A tradução literal do trecho seria mais ou menos assim:
Alice tinha ido à praia uma vez na vida e chegara à conclusão que, onde quer que você fosse na costa da Inglaterra, encontraria muitas máquinas de banho no mar, crianças cavando na areia...”
Máquinas de banho?
A versão anotada de Alice escrita por Martin Gardner esclarece: máquinas de banho eram estranhas cabines de madeira sobre rodas, com uma porta de um lado e uma espécie de cobertura retrátil em forma de fole do outro. O objetivo de tal geringonça era permitir que as mulheres tomassem banho de mar sem serem vistas da praia, pudicícia considerada de bom tom no século 19, mesmo que os trajes de banho cobrissem as ladys do pescoço aos pés.
Nunca tinha visto uma destas máquinas de banho até encontrar o quadro “A Praia de Scheveningen” (óleo sobre tela, 23 x 40 cm, coleção particular), do pintor holandês Frederick Hendrik Kaemmerer (1839-1902).
Uma tradução atual de “Aventuras de Alice no País das Maravilhas” que chame as bathing machines de máquinas de banho não é, evidentemente, para crianças. Nenhuma criança hoje entenderia a piada que é Alice procurar máquinas de banho na lagoa de lágrimas para decidir se está ou não na praia.
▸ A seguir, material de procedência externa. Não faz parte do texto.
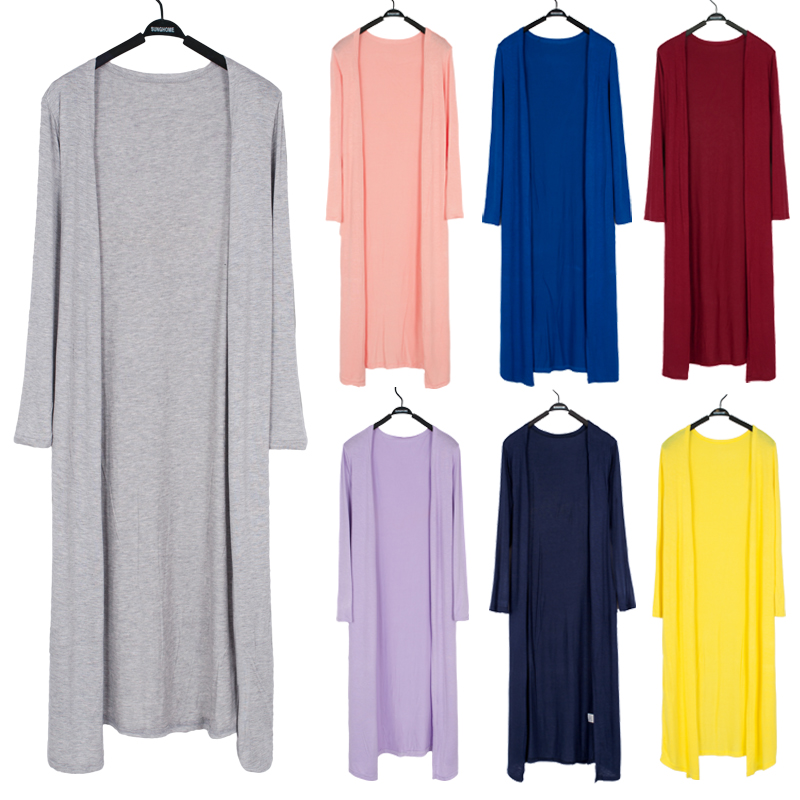 Spring summer Korean thin super long modal cardigan women's shawl sun proof clothes long sleeve autumn air-conditioning shirt coat large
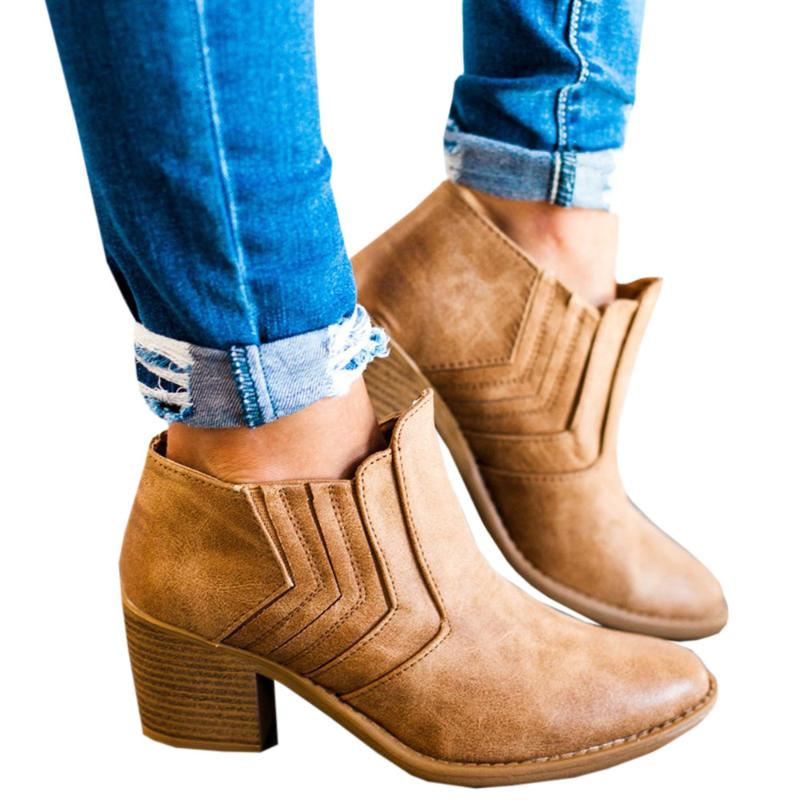 

New 2020 Women Ankle Boots Block High Heels Botas Zapatos Mujer Retro Leather Winter Shoes Woman Plus Size Booties Cowboy Boots, Black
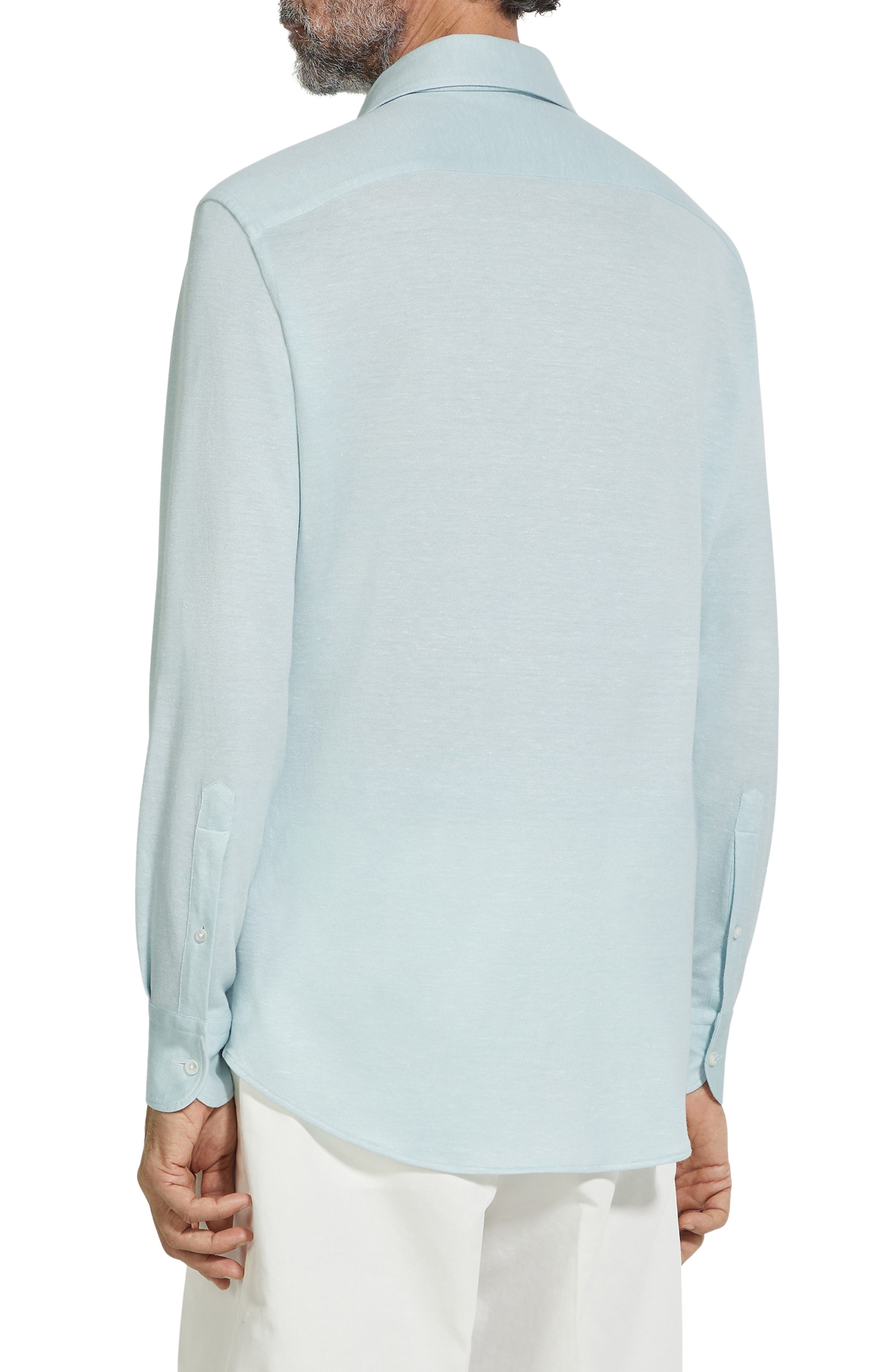 ZEGNA Crossover Silk, Linen & Cotton Button-Up Shirt in Bright Blue Solid at Nordstrom - 2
Alice poderia procurar muitas coisas para ver se está na praia ou não. Escrevo neste momento (11:01, quarta-feira de cinzas, céu azul, mar calmo, 30 graus, sem vento) de frente para uma praia brasileira. Com a minha luneta (estou na sombra) posso distinguir na praia os seguintes objetos,de cores e formatos variados, em ordem alfabética:
Araras com vestidos e cangas
Bandeiras
Baldinhos
Barracas
Bicicletas
Bóias
Bolas
Bolinhas
Bolsas
Cadeiras
Carrinhos de sorvete
Casinhas de salva-vidas
Cuias de chimarrão
Esteiras
Garrafas térmicas
Guarda-sóis
Pandorgas
Pazinhas
Pranchas
Quiosques
Raquetes de frescobol
Rede de vôlei
Toalhas
xx
Para saber mais sobre o livro “Aventuras de Alice no País das Maravilhas” visite o ótimo verbete da Wikipédia clicando aqui.
Alô Tobiaz
Estou acompanhando a reportagem do Nassif. Jornalismo, quando é bom, é ótimo.
Abraço,
Jorge
Atenção:
o manuscrito de Alice agora está disponível, para ser folheado, on-line, de graça!
Olha só:
http://www.bl.uk/onlinegallery/ttp/ttpbooks.html
Alice poderia chamar de praia seu mar de lágrimas, ainda que não existissem máquinas de banho. rs
Prezadíssimo Jorge, daqui de Uberaba, no Triângulo Mineiro, acompanhamos sempre o seu trabalho e tentamos repercutir ao máximo pelo nosso círculo de amizades. Legal este espaço, e obrigado por mostrar textos tão legais. Escrevo também para chamar sua atenção sobre um fato, vc. está acompanhando o dossiê que o Luis Nassif está publicando no blog dele sobre os bastidores da revista Veja? www.luisnassif.com.br Vale a pena. Com o seu talento, creio que o roteiro vai fluir com uma naturalidade incrível. Abração triangulino e conte com a nossa trupe aqui.///
Caro Jorge, eu sou de Araras, a mesma cidade do Tobias Ferraz, de Uberaba, que te envio um recado em 09/02/2008. É o seguinte: um livro lançado sobre uma fazenda daqui: FAZENDA SANTO ANTONIO, de Cândida Arruda Botelho (terra, 1988) tem foto(s) desta máquinas de banho. Quando eu voltar à biblioteca daqui, faço uma cópia da foto e depois te envio. Parabéns pelo curioso texto!